Temple visits: not full

Posted on Wednesday, 3rd September 2008

I’m of the belief that the only way to kill a stomach bug is to starve it as much as possible. This seemed to have held me in reasonably good stead when I backpacked South America for five months. However, starving the bug means starving me, and I couldn’t decide which was worse – enduring the discomfort that comes from bathroom woes, especially with third world toilet facilities, or enduring the pain that comes from not eating, for I truly love to eat. However I tried to commiserate myself, searching high and low for that silver lining. “You’ll lose weight”, I told myself. “You’ll look better trying to squeeze into that bikini on Kuta Beach.”

True to my word, in the last 24 hours or so, I had subsisted on only one chocolate cookie, one packet of crisps, two coffees and two deep fried banana cakes topped with shredded processed cheese which I devoured this morning at the Buddhist temple, Borobudur. Having had a 3:30am start this morning to catch the sunrise at one of the most-visited tourist attractions in Indonesia, I was absolutely famished. I thought the cakes rather tasty, even if the cheese was a little rubbery. One of my Swiss travelling companions wasn’t too impressed however, so perhaps my taste buds had been tarnished due to my recent food deprivation.

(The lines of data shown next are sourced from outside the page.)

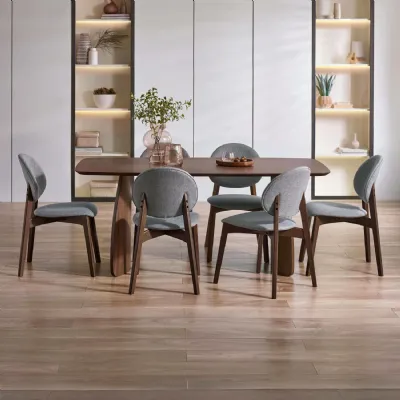 Artemis Curved Leg Walnut Dining Table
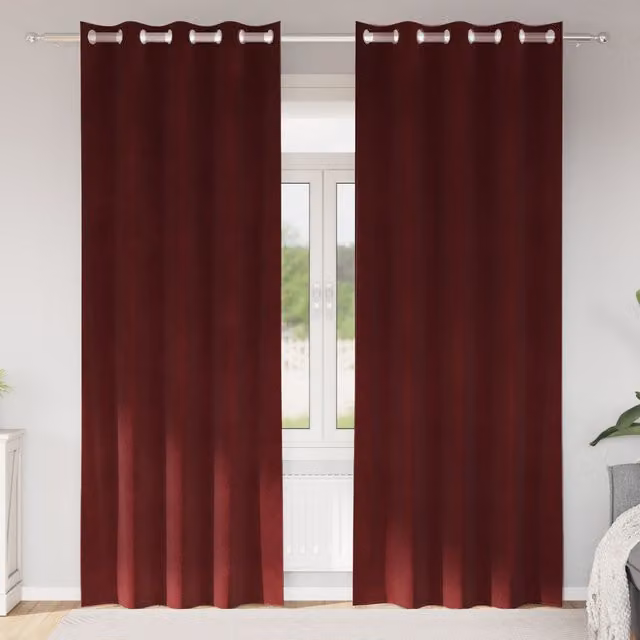 Berkfield Home Wine Red Velvet Blackout Curtains with Eyelets, 2 Pack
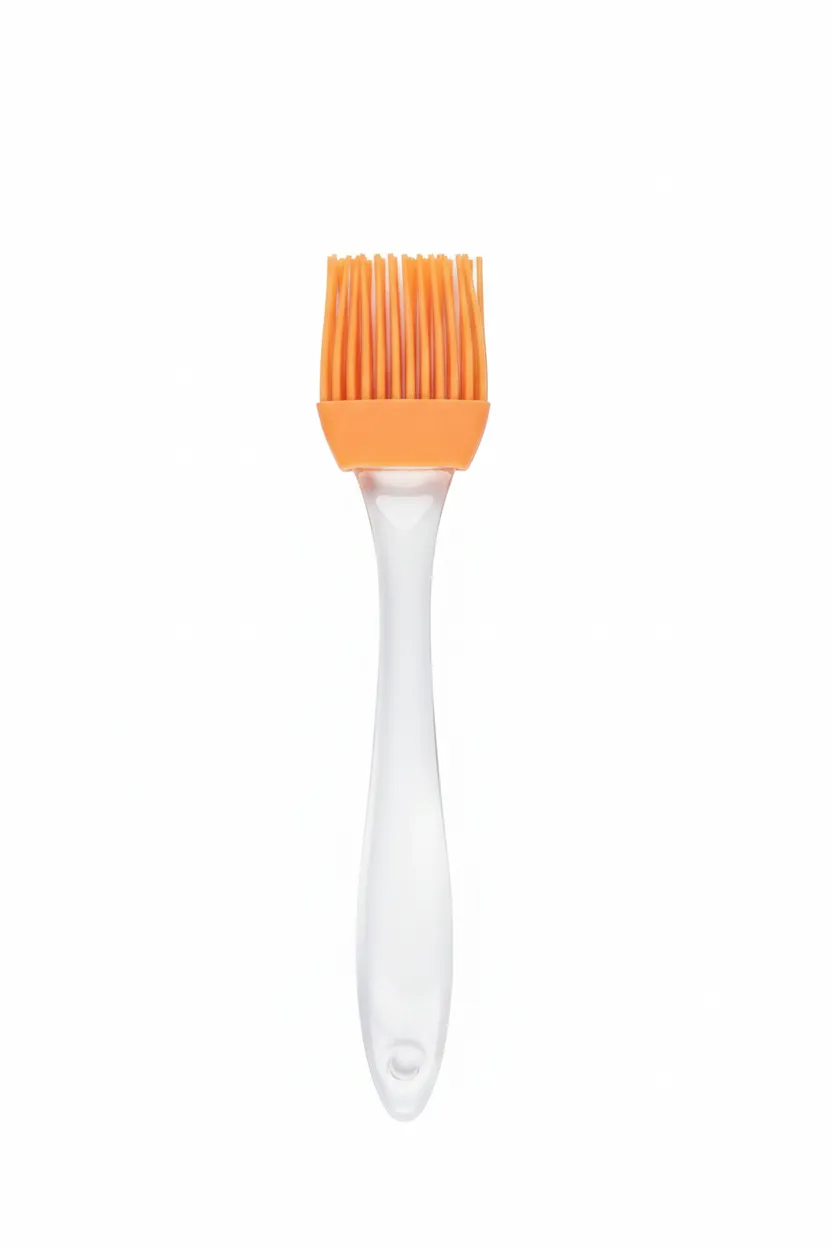 Silicone Brush with Plastic Handle, Orange - 15 Cm
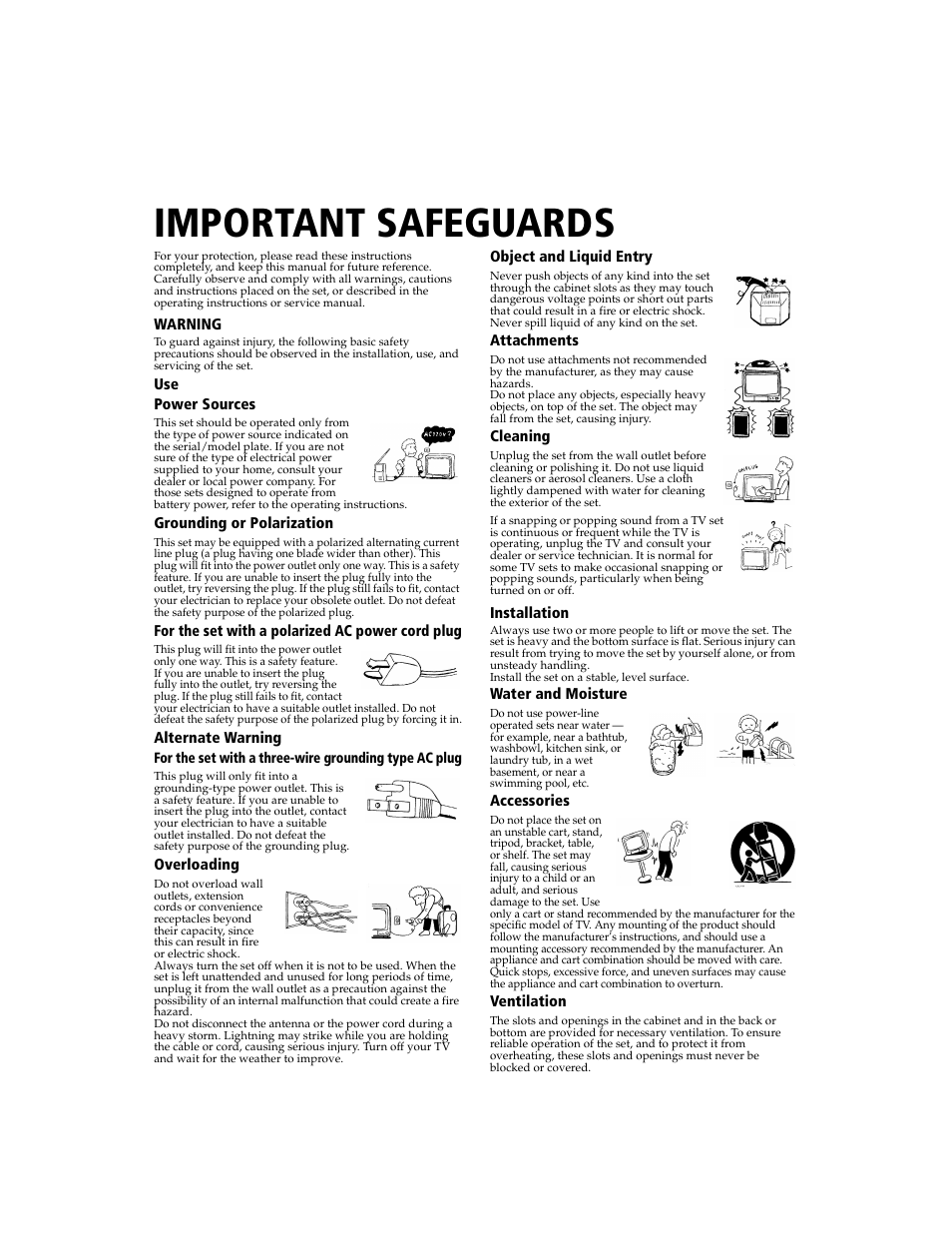 Warning, Installation, Important safeguards | Sony WEGA KV-27FS100L User Manual | Page 4 / 55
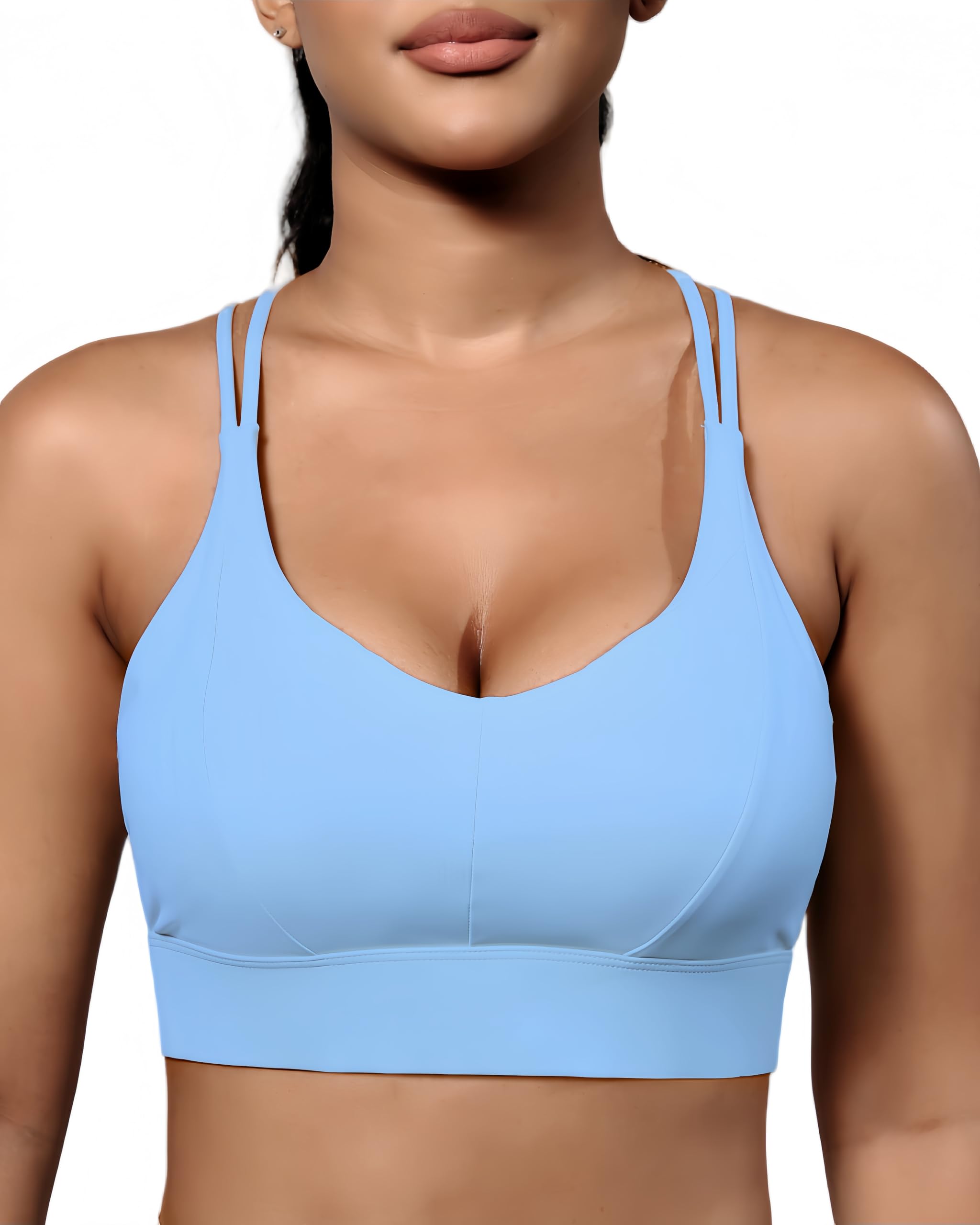 Grace Form Sports Bra for Women Strappy Medium Support Push Up Padded Sports Bra for Running Workout Bra Yoga Bra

After Borobudur, we visited another famous Yogyakartan temple, Prambanan. On the way back from our tour, I asked my tour guide about a matter which had been perplexing me over the last week. Why was it that every time I tried to book accommodation, the standard response had always been “sorry missus, we’re full”, even if the hotel wasn’t in fact full. As an example, I told him about how when I checked into my hotel in Jakarta, I tried to extend my stay beyond the one night that I had booked, to only be told, “Sorry missus, we’re full”. Thinking this implausible in a hotel with several hundred rooms, I made my way to the internet cafe, whereupon I was able to make the reservation online instead. My guide had no explanation. “See Mister, like me, not full”.